At this spot in the year 1311, Dermot, the “tower-like hero” of the O’Briens, was inaugurated as their chieftain. With the other leaders of the clan assembled around him, his bard commemorated the event:

"Let us give the title of King,
(Which will be of much fame
To the land which has chosen him)
To the valorous warrior
The son of the fair-formed Donogh
Of the sealed secrets
Generous heir of generous Blood."

The inaugural mound of the Kings of the Dal gCais, including Brian Boru, later the first High King of Ireland. The mound is in the centre of a large, natural amphitheatre, and is reputed to be the burial place of Adhar, brother of Aengus of Dun Aengus (on the Aran Islands).
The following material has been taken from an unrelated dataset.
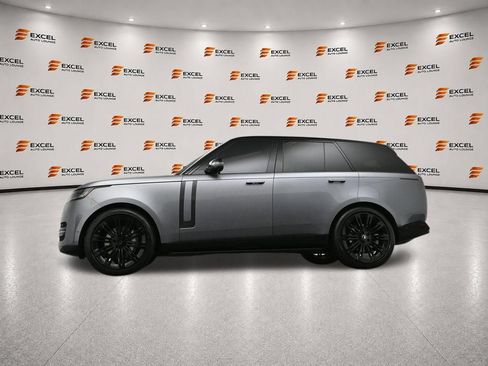 Used 2024 Land Rover Range Rover SE AWD/4WD image 43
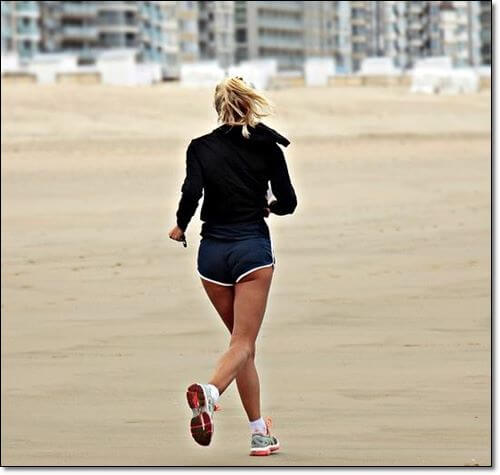 지구력 운동중인 여성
While all commentators agree that Magh Adhair (also known as “Moyare Park”) was the inauguration site for the Dál gCais (Dalcassian) Kings of Thomond, including the illustrious Brian Ború, there is no consensus about what the site may have held in prehistoric times. Because the complex structure includes a cairn-like feature, some writers think there may be a kernel of truth to the medieval texts that describe it as the burial place of Adair the Firbolg, a brother of the legendary architect of Dun Aengus in the Aran Islands. The name “Magh Adhair,” in fact, may be translated as “Adair’s Plain.” Can it be possible that somehow a memory of a first-century warrior’s grave so impressed itself upon the predecessors of the Dalcassians that they enshrined its sanctity for the inauguration of their own princes from the 5th to the 16th century?

Within the enclosure to the north of the mound is a bullaun (basin) stone made of a purple conglomerate, likely brought to this spot from another location. This may be seen in th pictures above. Some have suggested that the bullaun played a role in the inauguration ritual; with the man who would be king washing himself with the sacred water of its basin, and using as a symbolic soap the red stone fixed in the rock.

Unfortunately, as may be noted by the sketch in the gallery above, part of the outermost wall of Cahercalla had been lost before Westropp’s visit. In 1892 the antiquarian was informed by the tenant that his grandfather was the one working to demolish the structure, but he…

…was suddenly taken ill, and, fancying he had been ‘struck’ by the fairy inmates of the fort, desisted from his work of destruction; this fortunately saved the caher, and beyond the removal of a small late enclosure in the central ring, no harm has since been done.